I felt you last night, Bethy.

Day One – Learning to Breathe

It wasn’t a usual Sunday by any standards, but we’d made a pact to ‘do things’ whilst Beth and Izzy were away.

What with the house empty, no commitments, no ties, no set Sunday routines for a while at least; we were set free to rediscover old things, to discover new hobbies, to find things to laugh about and tell them about when they came home – our tiny new life experiences to show we’d not just sat at home waiting for them to return.

Thus, we found ourselves at our inaugural Hot Yoga class. It’s what you do (please don’t judge).

Kited out in our black and grey fitness gear (nothing too tight mind) we found ourselves sat in a somewhat lukewarm room facing a wall length mirror – like a dance studio, but without the slender and the agile, instead, sat on mats with a handful of similarly attired hot yoga virgins.  We sat, with no under certain trepidation, in muted uncomfortable, shuffling stiff jointed silence as we collectively waiting for proceedings to begin.

The Hot Yoga tutor arrived – with a breezy ease, but with that edgy unease of a tutor with new students. She elegantly sat cross legged with her yoga shaped back to the wall mirror to start the class. My first thought: Why’s it not Hot? This is Hot Yoga, isn’t it? She started the class with an enthusiastic ‘hello!’ and an ice breaker (pardon the heating pun) exercise asking each one of us who we were and why we’d come.
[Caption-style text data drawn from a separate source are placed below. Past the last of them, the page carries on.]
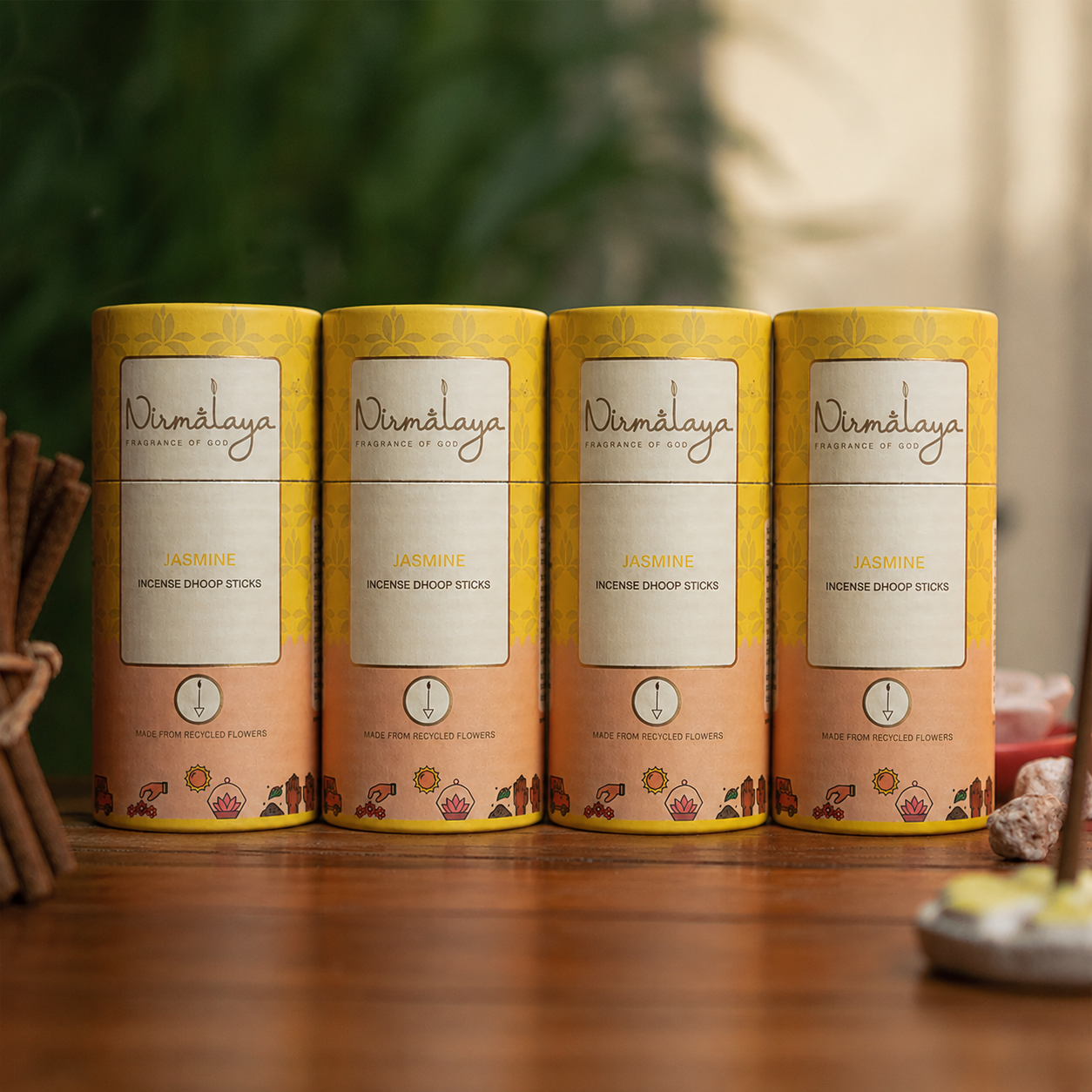 Jasmine Dhoop Sticks (Bamboo less)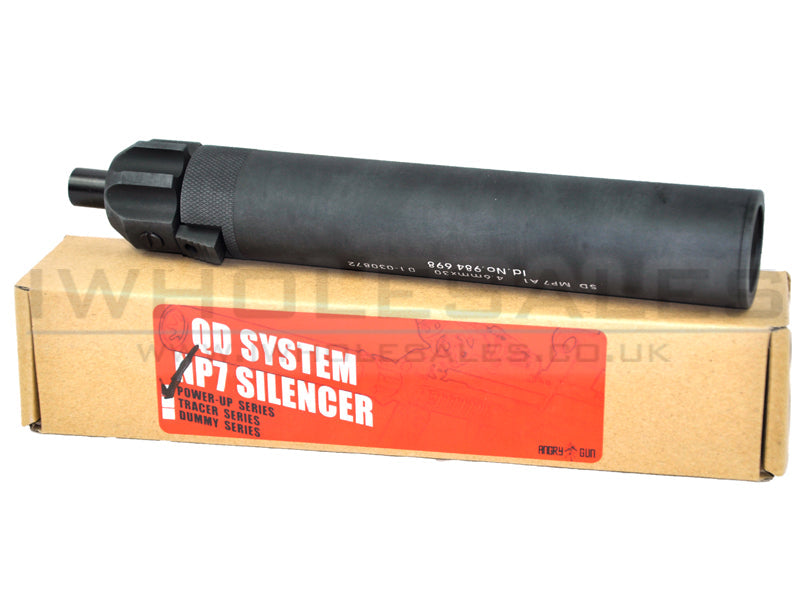 KWA by Angry Gun MP7 Power Up Silencer (QD System) (Black)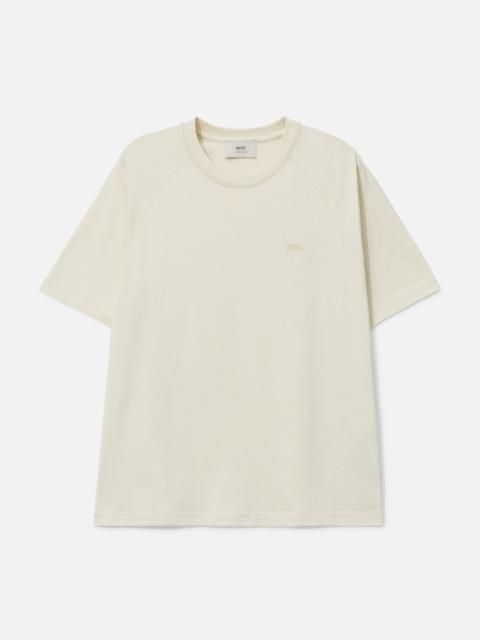 WHITE COTTON SHORT SLEEVES T-SHIRT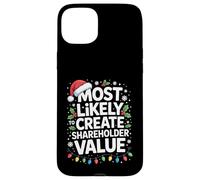 Most Likely To Create Shareholder Value Funny Xmas Pattern Case for iPhone 15 Plus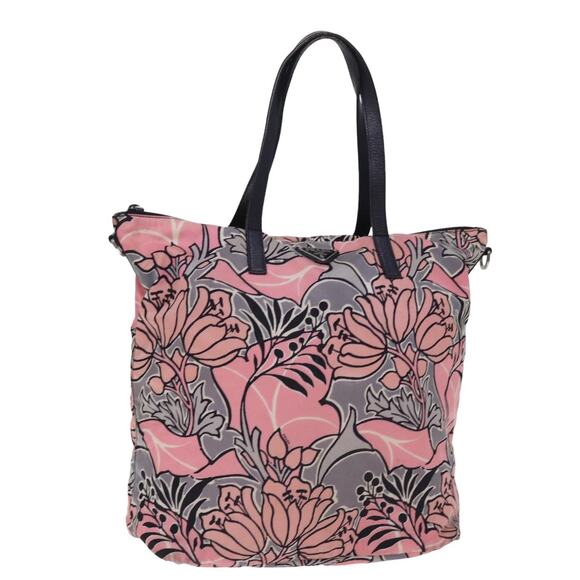 PRADA Tote Bag Nylon Pink - Picture 1 of 9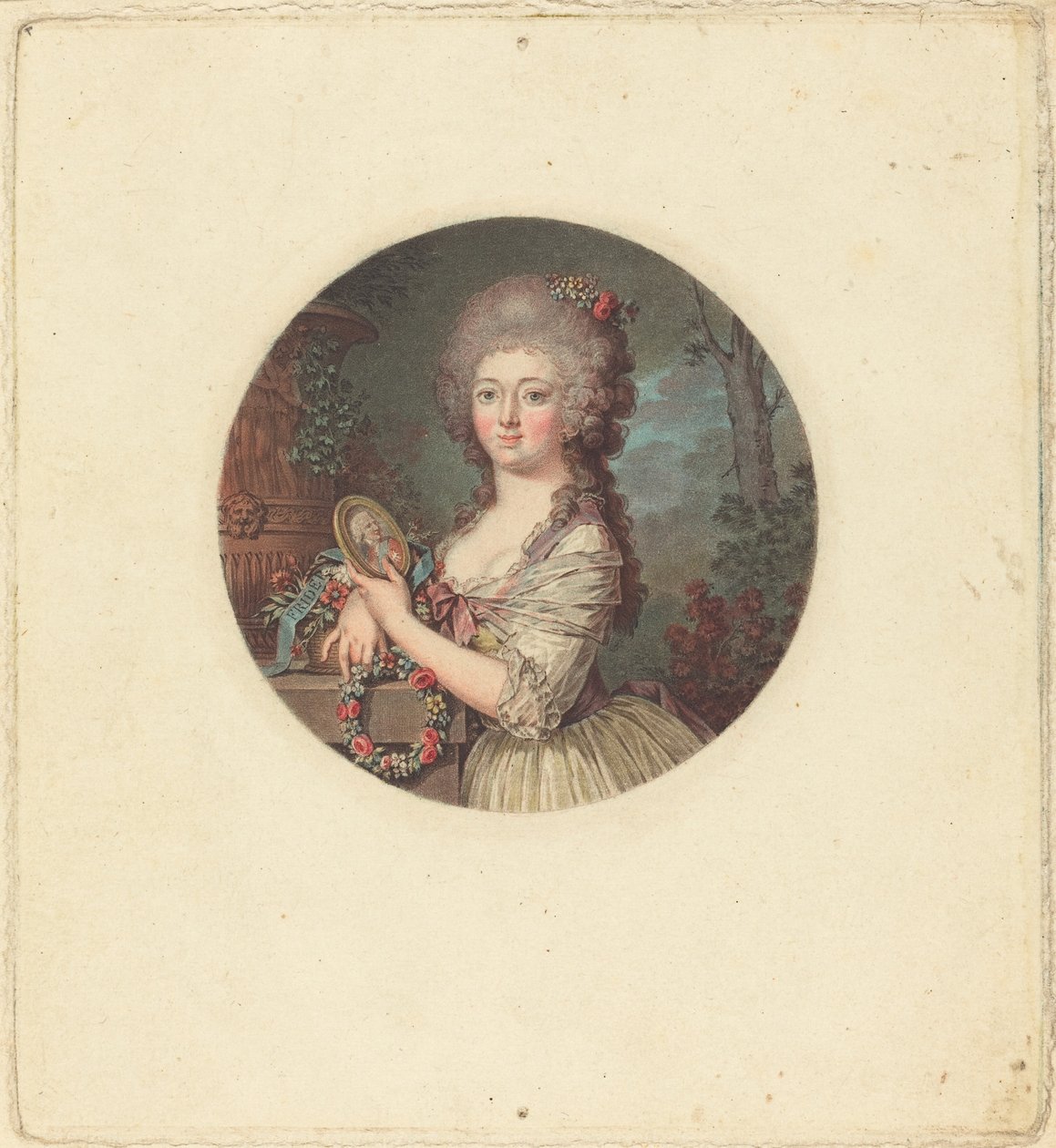 Portret młodej księżniczki autorstwa Jean Francois Janinet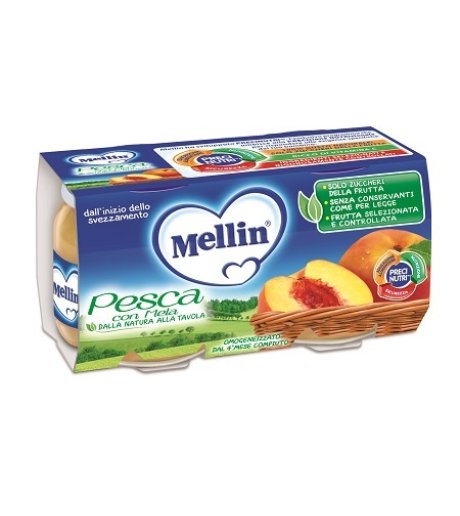 Mellin Omog Pesca Mela 2x100g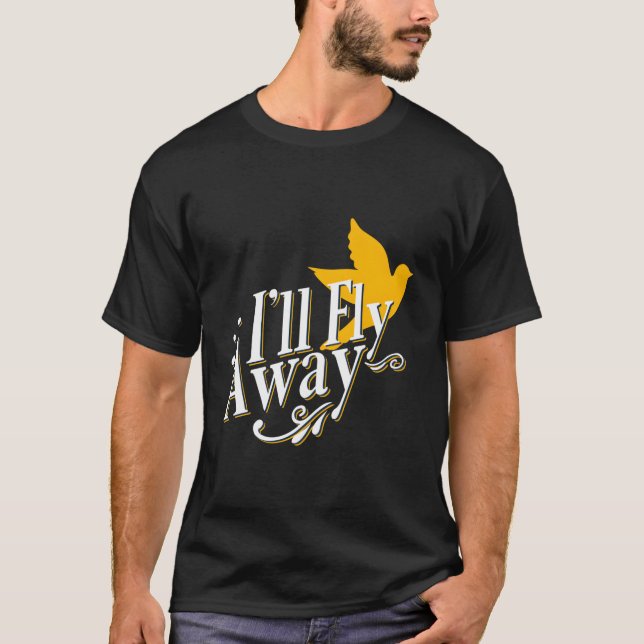 Christian Dove Salvation Religious Hymn I'Ll Fly A T-Shirt (Vorderseite)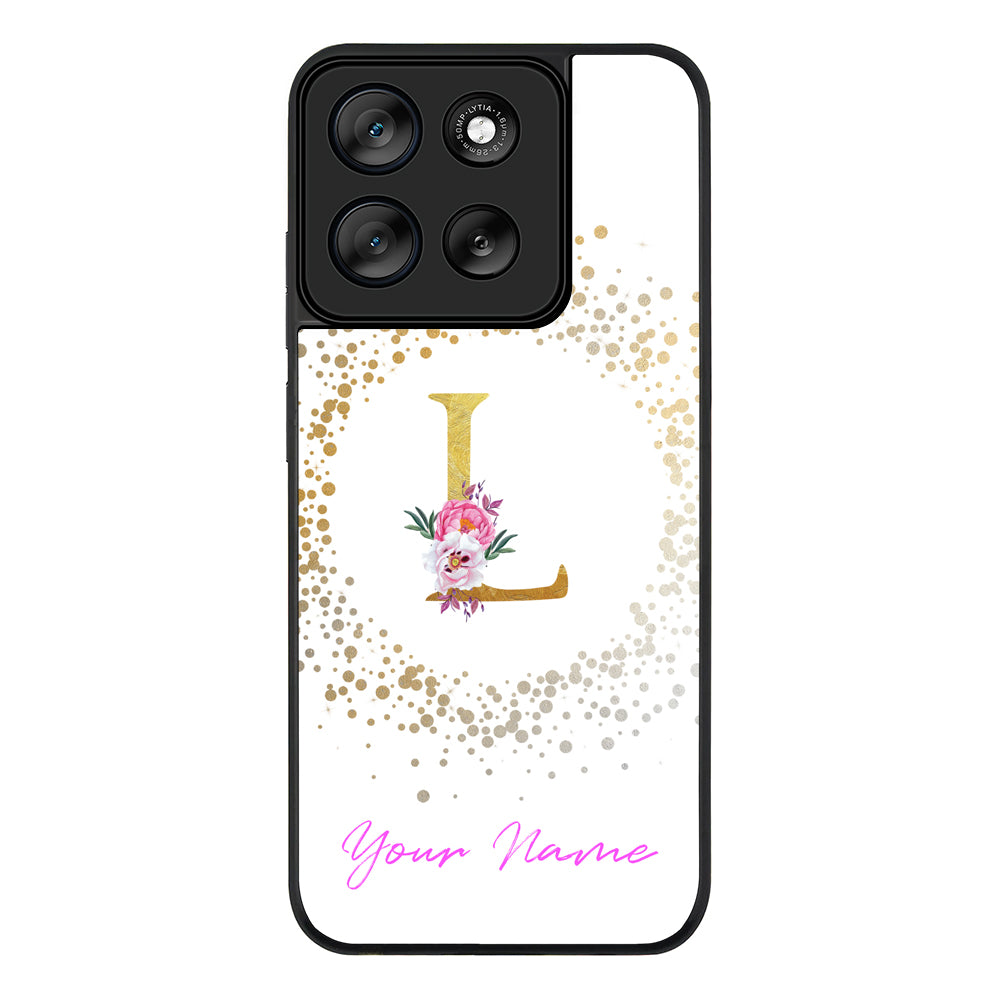 Floral Initial Phone Case - Motorola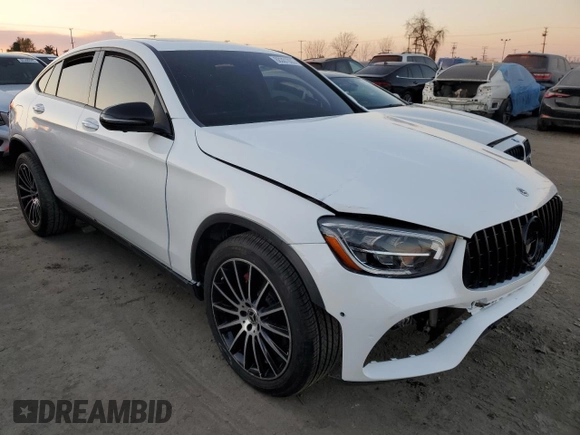 2021 Mercedes-Benz GLC with VIN W1N0J8EB6MG011810, listed as a Copart auction lot 88361905 with 54,286 mi miles and Salvage Title. Bid and sale history available at carsss.com. Image 4.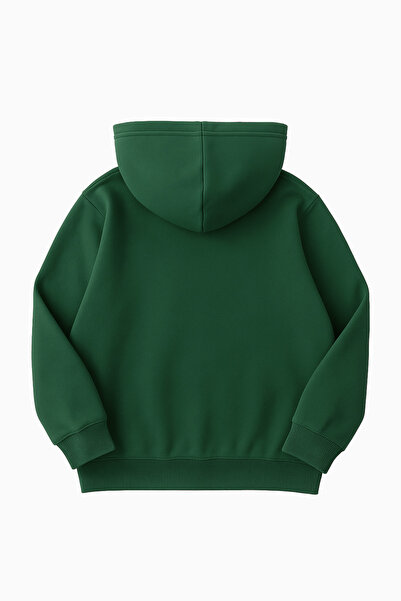 Sweetline Set de cu glugă tricou Swea - Minimal Hope cu imprimeu - Negru, verde nefti, gri - Tesatura de iarna cu căptușeală din fleece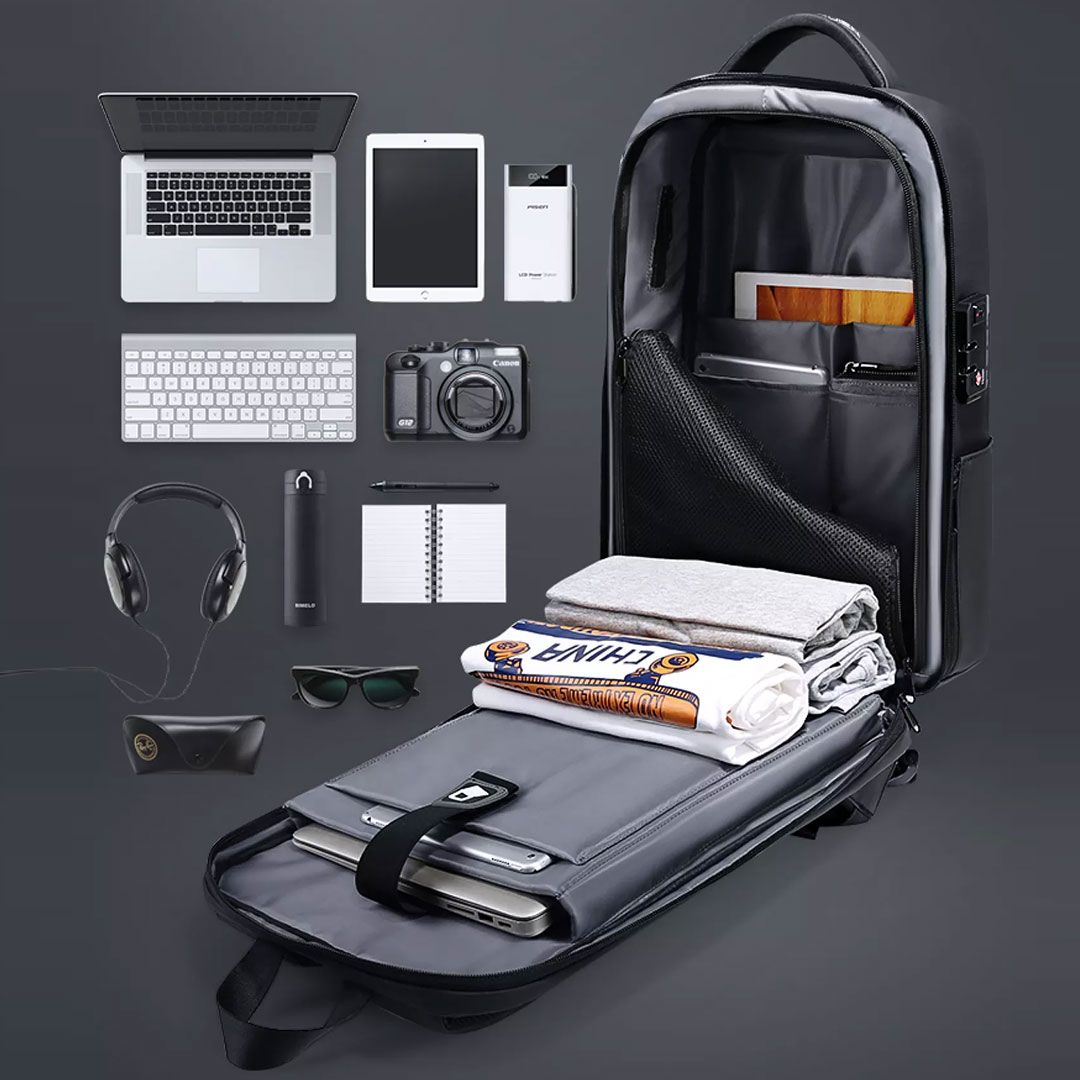 Waterproof Laptop Backpack with USB Charging product thumbnail 7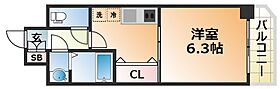 セオリー神戸アクアグルーブ  ｜ 兵庫県神戸市兵庫区浜崎通（賃貸マンション1K・6階・24.68㎡） その2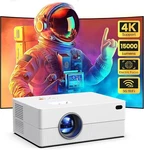 Electric Focus Mini Projector With Wifi And Bluetooth, Jowlurk Portable 4K. Fixed Price $99.00.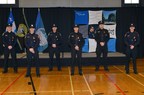 Six aspirants policiers autochtones diplômés de l'École nationale de police du Québec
So it began, in lukewarm lycra, and so it remained.  The temperature never rose beyond tepid for the next hour or so. It transpires your first Hot Yoga class is less about sweating and stretching, more about thinking and attuning yourself. The thermoset stays where it is, and you have think about your posture and positioning, think about your purpose in doing this and think about and practice your breathing. Lots of breathing.

Lots of talking about breathing, breathing in, breathing out. What’s happening to your chest as you breathe? Can you slow your breathes out? Can you extend your breathes in? Can you feel your lungs, your diaphragm, your posture changing?

And so it ended, with us rolling our mats away, swigging water, despite not being in the least bit thirsty, and leaving the Hot Yoga studio without a sweat mark to write home about. I, for one, I said in the car home, was not going back.

 

Roll forward 2 weeks.

The Phone Call. The phone call that marked Before and After.

(If you’re new to this laugh-a-minute grief blog please read  ‘An Accidental Soundtrack to Grief (Part 1)

A jolting shot in my chest.

Did my heart actually stop? The air was tangible, it always is in any confined space, more so in this stale Virgin train carriage, but now, it was closing in. Thinning, then thickening air. Rapid, shorter than usual breathes through my nose.

I shut down my Macbook.

Think. Think. THINK. Do, must do. Do. No, no, no no. Not true. Not true. No. Need to think, Now. Think. I close the foldaway beige plastic table. Do. Do. What? Call Maiya? Text? Shit, I don’t have her number. Ask Trace. Got her number. Blurred now. What? Some guy claims. ..it’s a mistake, obviously. No. No. Need air. Can’t sit. James? I need to text him.

And breathe.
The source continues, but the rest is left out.